Zudem zeigt sich, dass Kooperationen zwischen Kliniken und niedergelassenen Ärztinnen und Ärzten im bisherigen Reformkonzept nicht ausreichend berücksichtigt werden. Dies betrifft gerade Einrichtungen wie Fachkliniken, die durch die gemeinschaftliche Nutzung von Infrastruktur besonders effizient arbeiten und funktionierende Versorgungskonzepte etabliert haben. Bereits während des Antragsverfahrens wurde erkennbar, dass Kliniken vielfach an formalen Qualitätskriterien scheitern, obwohl sie den Anforderungen an eine umfassende und hochwertige Patientenversorgung in der Praxis gerecht werden. Auch die Rolle belegärztlich geführter Abteilungen bleibt bislang mit großen Unsicherheiten behaftet, was zu erfüllende Personalvorgaben und Mindestfallzahlen anbelangt.

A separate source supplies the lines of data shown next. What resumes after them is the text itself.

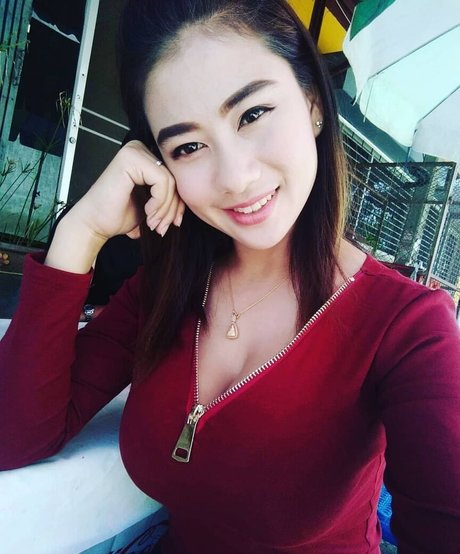 Saowalak Saifak model sex picture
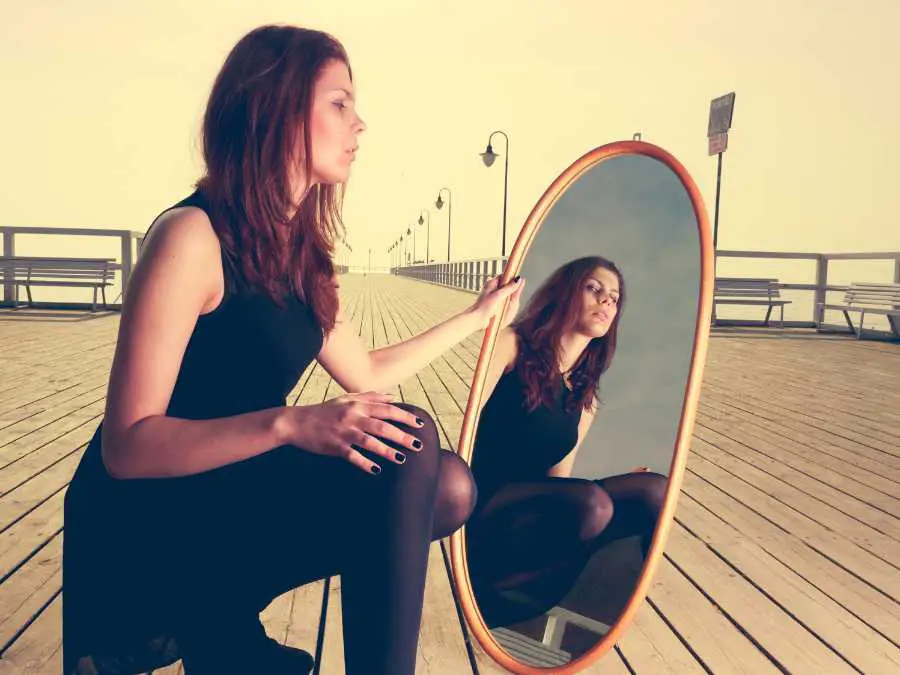 mirror-reflection-concept-birthday-photoshoot-ideas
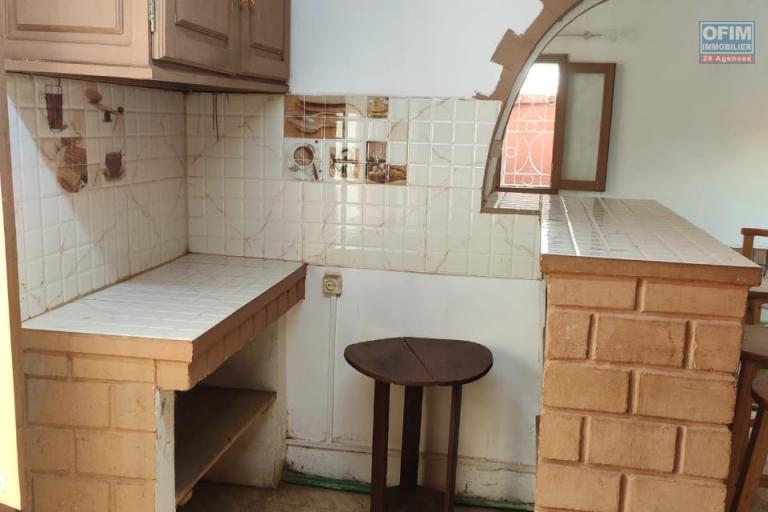 OFIM immobilier loue un petit appartement T3 semi meublé au RDC sur Andoharanofotsy Ambohimailala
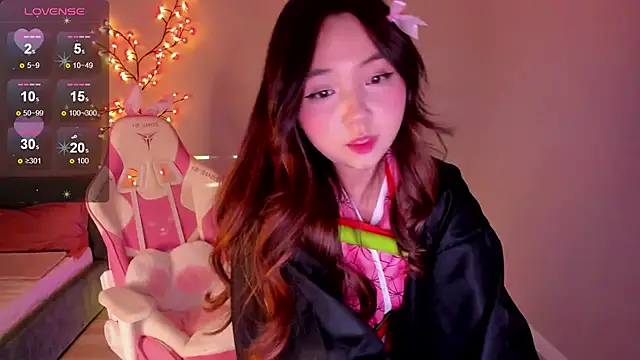 Snapshot of Fluffy_Rose chatting on 10-31-25, 05:58 Fluffy Rose online show from 10-31-25, 05:58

„Die Kliniken in Niedersachsen sind die ‚Beta-Tester‘ der Krankenhausreform. Was im Gesetz gut gemeint ist, bereitet in der Praxis erhebliche Schwierigkeiten“, unterstreicht NKG-Verbandsdirektor Helge Engelke. „Wenn die in einem Algorithmus abgebildete Struktur eines Hauses wichtiger wird als das, was dort tatsächlich geleistet wird, läuft die Reform in die falsche Richtung. Das Ziel einer zukunftsfähigen Krankenhausplanung kann nur erreicht werden, wenn rechtliche Vorgaben, medizinische Realität und regionale Versorgungsstrukturen in Einklang gebracht werden. Unsere Kliniken brauchen faire und praxisgerechte Kriterien und nicht neue bürokratische Hürden. Nur so kann die Patientenversorgung auch künftig flächendeckend und auf einem hohen Qualitätsniveau aufrechterhalten werden“, so Engelke weiter.
Zum Hintergrund:
Mit der Novelle des Niedersächsischen Krankenhausgesetzes hat das Land die rechtlichen Voraussetzungen geschaffen, um die Vorgaben des für die Krankenhausreform maßgeblichen Krankenhausversorgungsverbesserungsgesetzes (KHVVG) umzusetzen. Ab dem 1. Januar 2027 soll die Krankenhausplanung bundesweit von Fachabteilungen auf Leistungsgruppen mit zugehörigen Fallzahlen umgestellt werden. Die Länder müssen bis Ende 2026 die Leistungsgruppen den Krankenhäusern zuweisen. Niedersachsen ist im bundesweiten Vergleich bei der Vorbereitung bereits weit vorangeschritten. An die neue Krankenhausplanung wird künftig auch die Krankenhausfinanzierung geknüpft. Die Umstellung auf die neue Finanzierung soll ab 2028 schrittweise erfolgen und bis 2030 abgeschlossen sein.